Зовут одного — "Стихия",
Другого — "Разум".
В слове "Разум" отзываются и конструктивистская идея полезности, функциональной работоспособности слова, и мечта о том, чтобы так же функционально задействована была бы в социалистическом строительстве новая интеллигенция. А словом "Стихия" обнимается все, что должно покориться Разуму: от величественного тигра до примитивного заокеанского дядюшки, думающего, что "Вселенная — для американцев".

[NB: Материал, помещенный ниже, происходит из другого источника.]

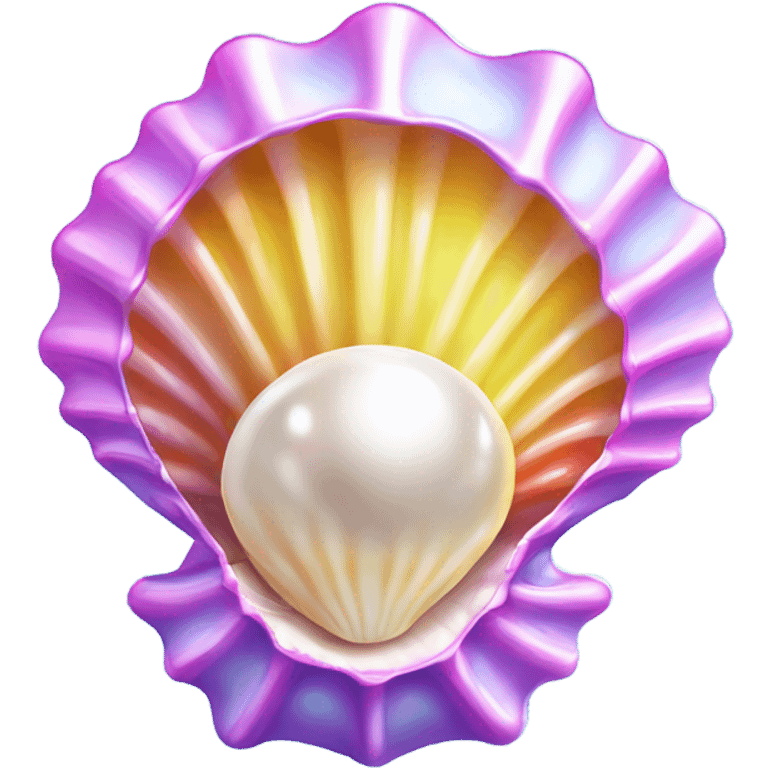 Lisa Frank sparkle open sea shell with pearl  emoji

Вселенная, разумеется, для русских. Не потому, что русские лучше других, а все потому же: Советская Россия — проект мирового человечества. Смычка: "народ — мир — вселенная" на разные лады высвечивается у Сельвинского, и лучшие строки его послевоенной лирики, вошедшие в золотой фонд не только поэзии, но и языка, — именно об этом. Вот ставшее классическим определение поэта:
…Он поет, как птица, но при этом
Слышит, как скрипит земная ось.
Однако существенно, что первые две строки этого знаменитого четверостишия оборачивают нас к недостижимости этой чаемой гармонии:
Может быть, трагедия поэта
В том, что основное не далось…
Основное не далось — мучительное ощущение, усиливающееся у Сельвинского в лирике последнего десятилетия его жизни.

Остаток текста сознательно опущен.